_Dataset records_.
[Start of Attachment]

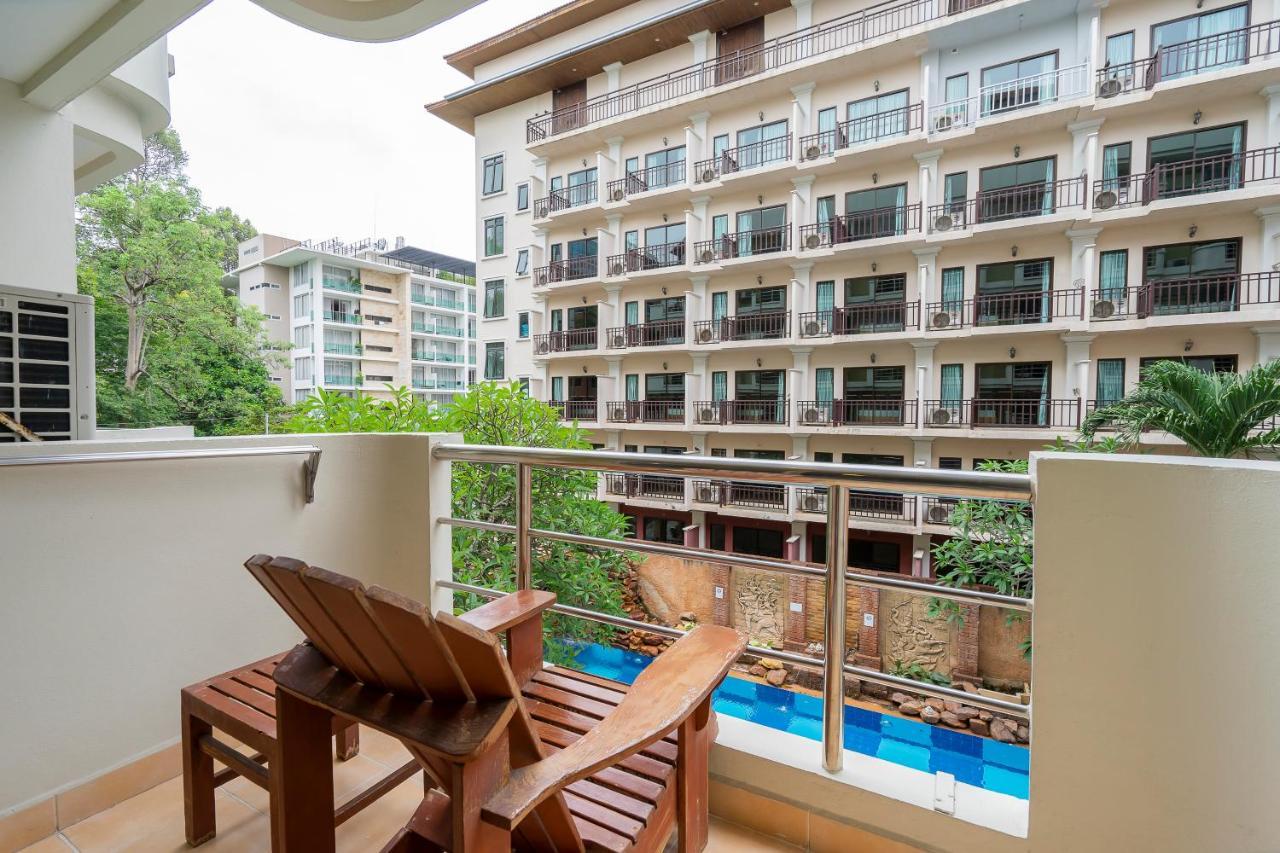 Double Room Pool View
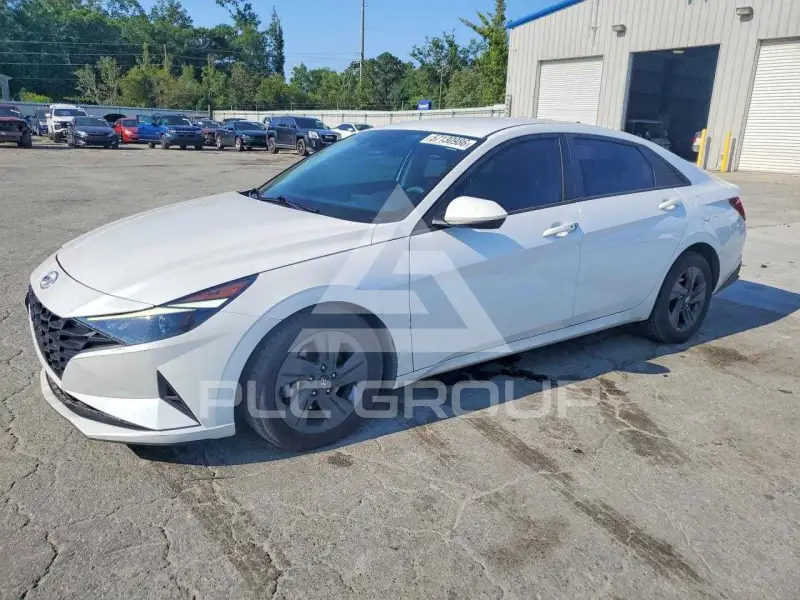 2021 Hyundai Elantra photo
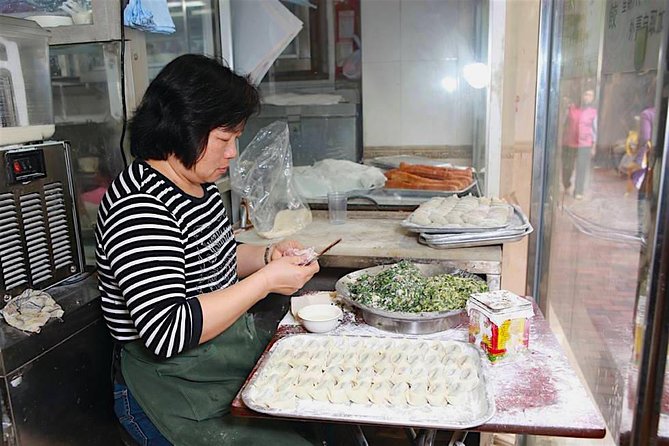 Small Group Kowloon Michelin Rated Street Food and Culture Tour - What the food quantity and quality are really like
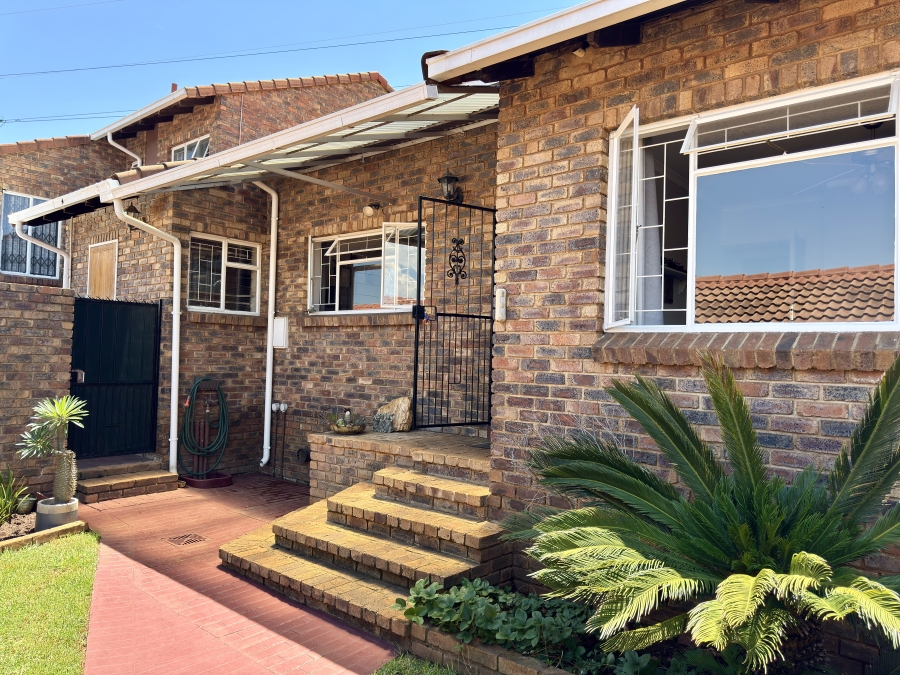 3 Bedroom Property for Sale in Glen Lauriston Gauteng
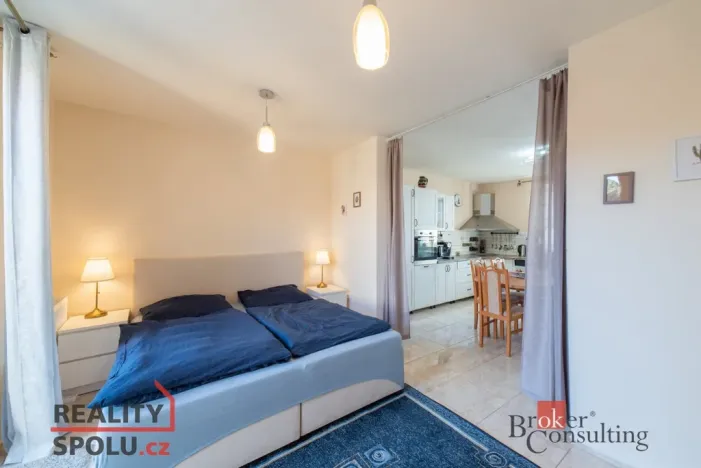 Prodej rodinného domu, Jimlín, 196 m2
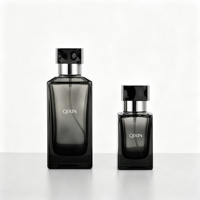Diffuseur de parfum à bâtonnets compatible, design cube carré personnalisable, en verre transparent de haute qualité, avec pompe pulvérisatrice lisse et bouchon de sécurité.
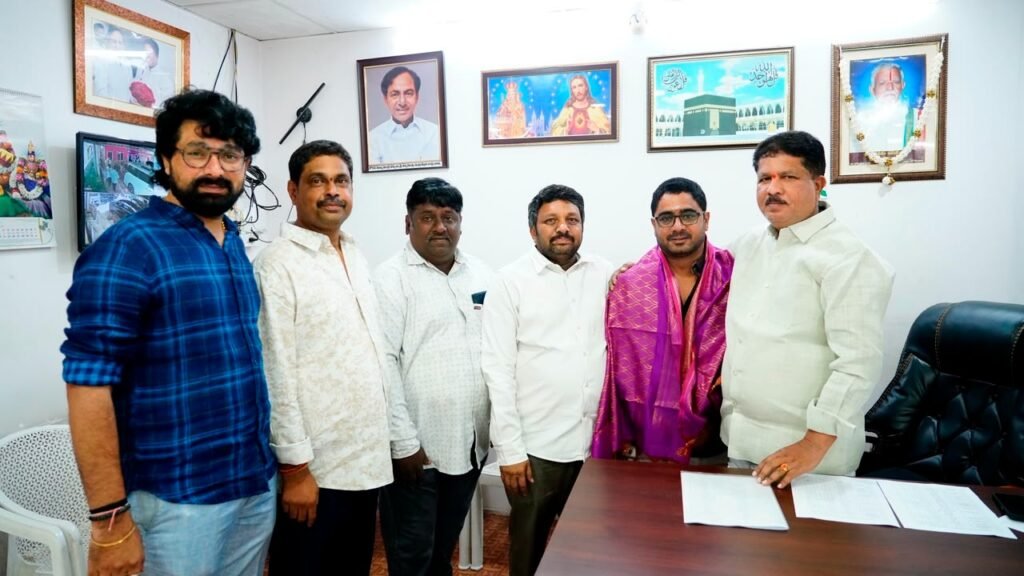 బి ఆర్ ఎస్ కార్యకర్త ఆనంద్ కు పుట్టినరోజు శుభాకాంక్షలు …
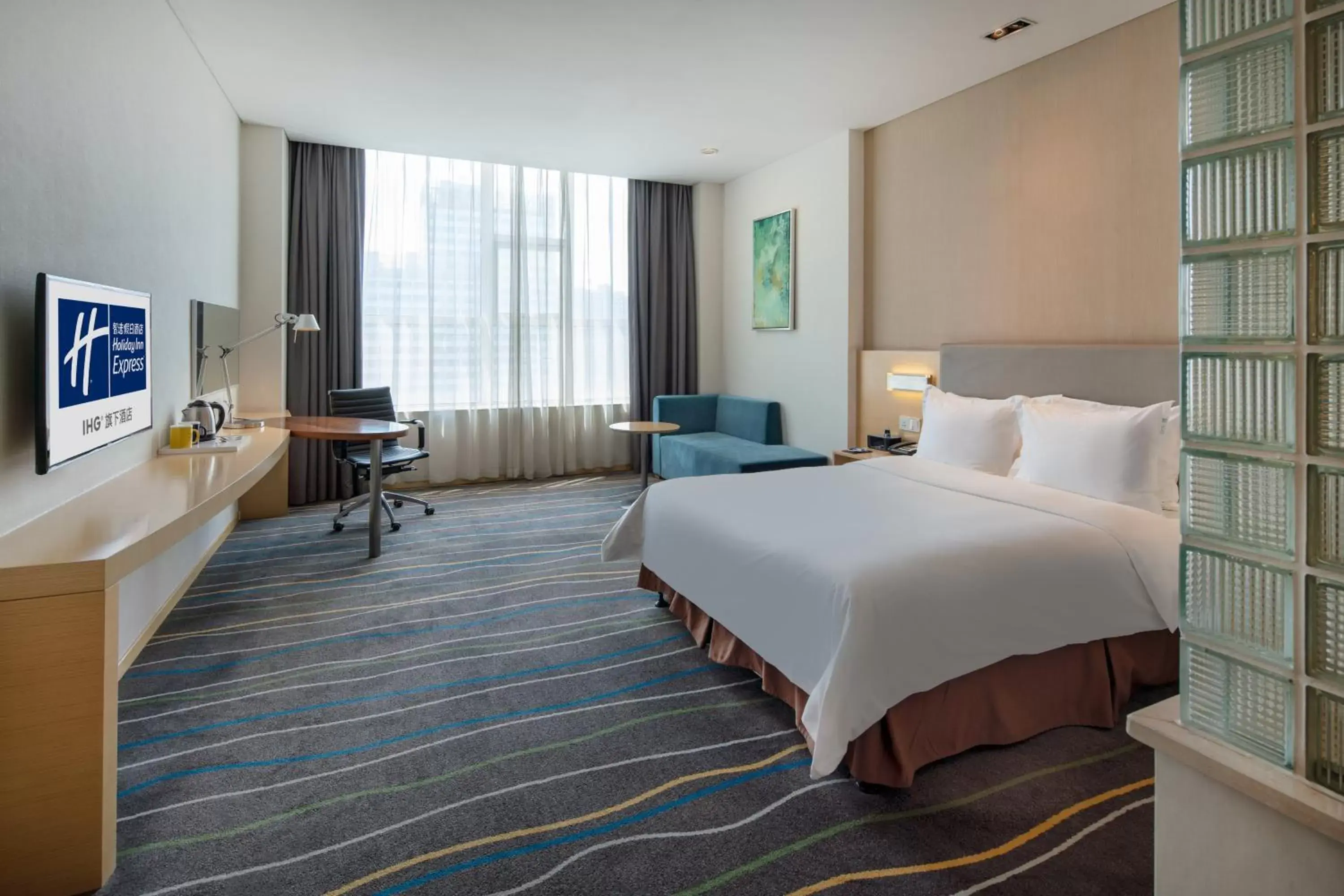 Standard Queen Room - Disability Access in Holiday Inn Express Luoyang City Center by IHG Standard Queen Room - Disability Access in Holiday Inn Express Luoyang City Center by IHG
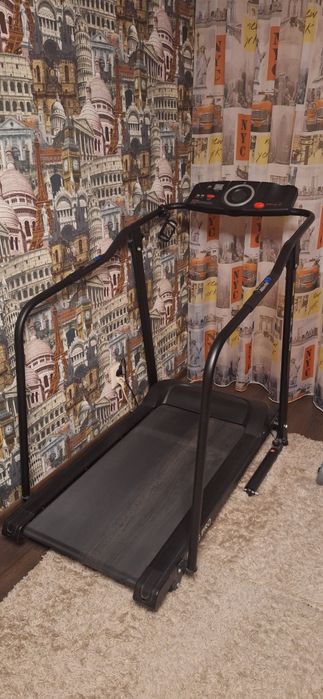 Беговая дорожка специализированная для реабилитации и для спорта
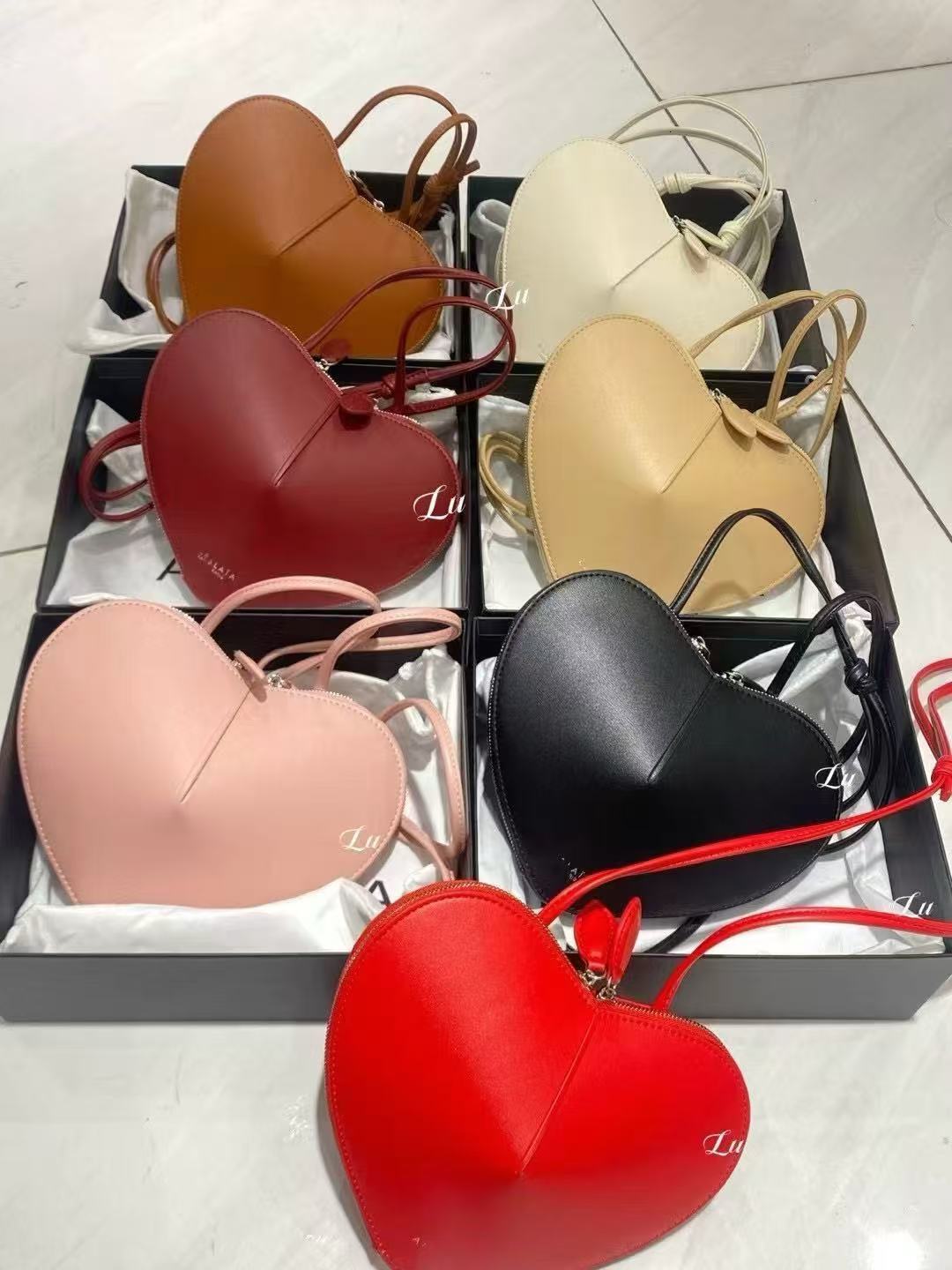 ALA New a Unique Design Heart Sac e Femme For Women Bolsos De Mujer Mini Cross Bag Calfskin Love Bags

[End of Attachment]

_EXERCISE_. The answer is the lines above, word for word, from the first one through the one containing "Prodej rodinného domu, Jimlín, 196 m2"; it includes no pictures.

_PROBLEM SOLUTION_.
 Double Room Pool View
 2021 Hyundai Elantra photo
 Small Group Kowloon Michelin Rated Street Food and Culture Tour - What the food quantity and quality are really like
 3 Bedroom Property for Sale in Glen Lauriston Gauteng
 Prodej rodinného domu, Jimlín, 196 m2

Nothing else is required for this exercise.